- Your task: Each line from the one with "Принтер матричный Epson" through the last line of the material is to be printed exactly; no other line and no picture belongs in the copy.

- Provided data:
Content starts

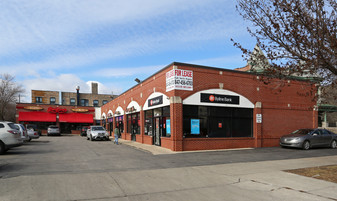 Ravenswood Plaza - Commercial Property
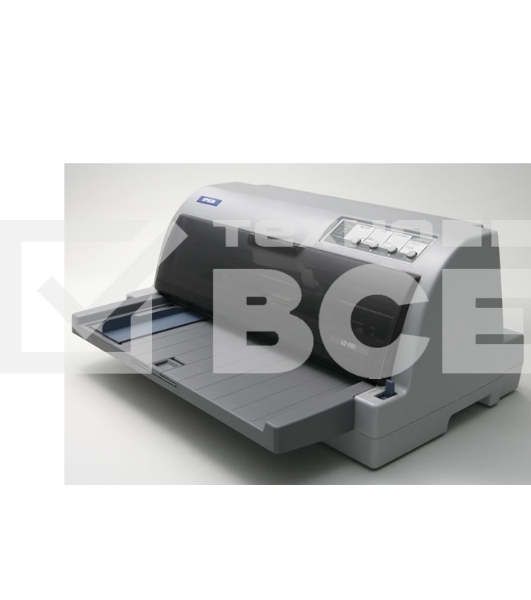 Принтер матричный Epson LQ-690 (24pin, A4+, USB, LPT) C11CA13041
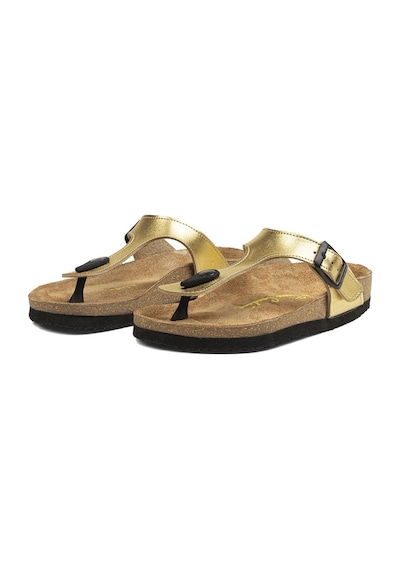 Pierre Cardin Pc-5067-50 Altın Çocuk Terlik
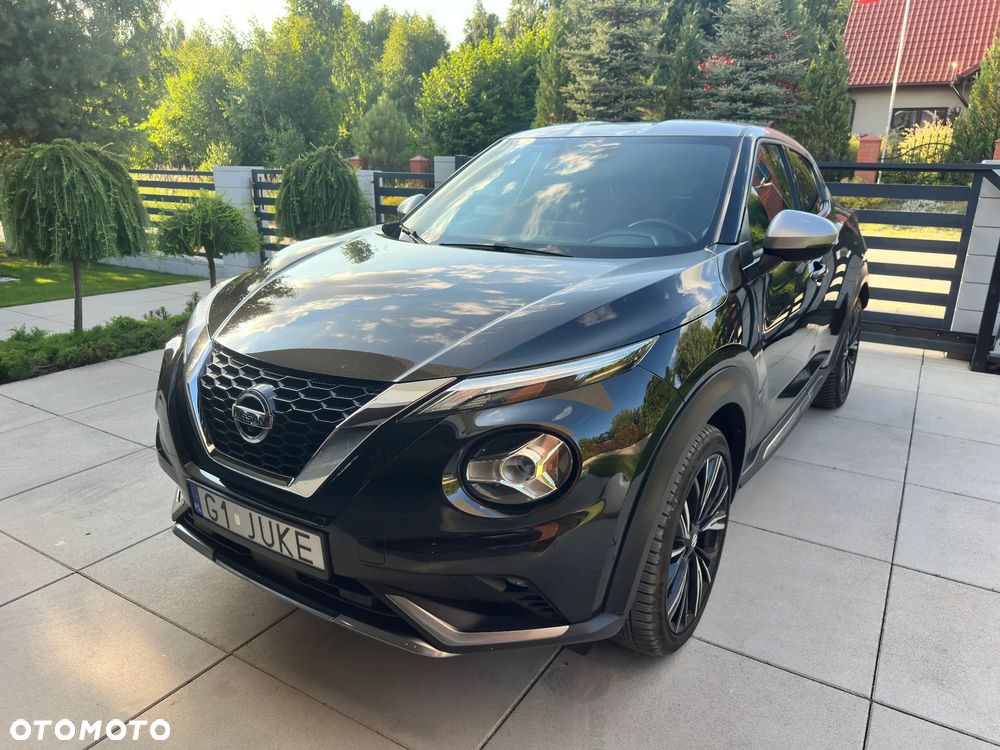 Nissan Juke 1.0 DIG-T N-Design DCT - 1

Content ends

- Solution to the exercise:
 Принтер матричный Epson LQ-690 (24pin, A4+, USB, LPT) C11CA13041
 Pierre Cardin Pc-5067-50 Altın Çocuk Terlik
 Nissan Juke 1.0 DIG-T N-Design DCT - 1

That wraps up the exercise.